Embrace monument brings to life MLK’s history, legacy in Boston Common


Ali Caudle

Hundreds gather to witness the unveiling of “The Embrace” in Boston Common Jan. 13. The sculpture honoring Dr. Martin Luther King Jr. was modeled off a photo of him and his wife, Coretta Scott King, who embraced after learning he won the 1964 Nobel Peace Prize.

Ali Caudle, deputy city editor

New memorial art installations — especially those costing $10 million — are rare occasions in Boston. But for the first time in 30 years, a new memorial sculpture was unveiled in Boston Common Jan. 13. 

“The Embrace,” designed by American conceptual artist Hank Willis Thomas and the MASS Design Group, is an inspired interpretation of the hug shared by Dr. Martin Luther King Jr. and Coretta Scott King, after learning he won the 1964 Nobel Peace Prize. 

The Kings met and fell in love as students in Boston — Martin Luther King Jr. attended Boston University, and Coretta Scott King attended the New England Conservatory of Music. In late April 1965, Dr. King gave a speech on Boston Common following a march from Roxbury. The memorial is located adjacent to the Parkman Bandstand, where Martin Luther King Jr. addressed the crowd of 22,000

Nearly 60 years later, on a misty Friday afternoon ahead of the unveiling, hundreds stood for hours in the muddy grass between the bandstand and the sculpture, listening to government and community leaders. 

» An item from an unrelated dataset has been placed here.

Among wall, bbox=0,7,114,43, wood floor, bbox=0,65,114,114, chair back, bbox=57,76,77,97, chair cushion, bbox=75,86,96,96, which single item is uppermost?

“This memorial means so much, the unveiling being MLK weekend and everything,” said Aja Jackson, an accountant and Roxbury resident. “This is just something Boston really needs, especially in Boston Common, to have representation of African Americans in Boston. MLK was a staple in Boston and he did a lot [here]. This is a great thing for me, and that’s why I came and attended.” 

Members of the King family attended the unveiling. Martin Luther King III and his wife Arndrea Waters King spoke of the love the Kings shared. Martin Luther King Jr.’s only grandchild, 14-year-old Yolanda Renee King, shared words of optimism and hope with the crowd. 

Massachusetts politicians of past and present joined.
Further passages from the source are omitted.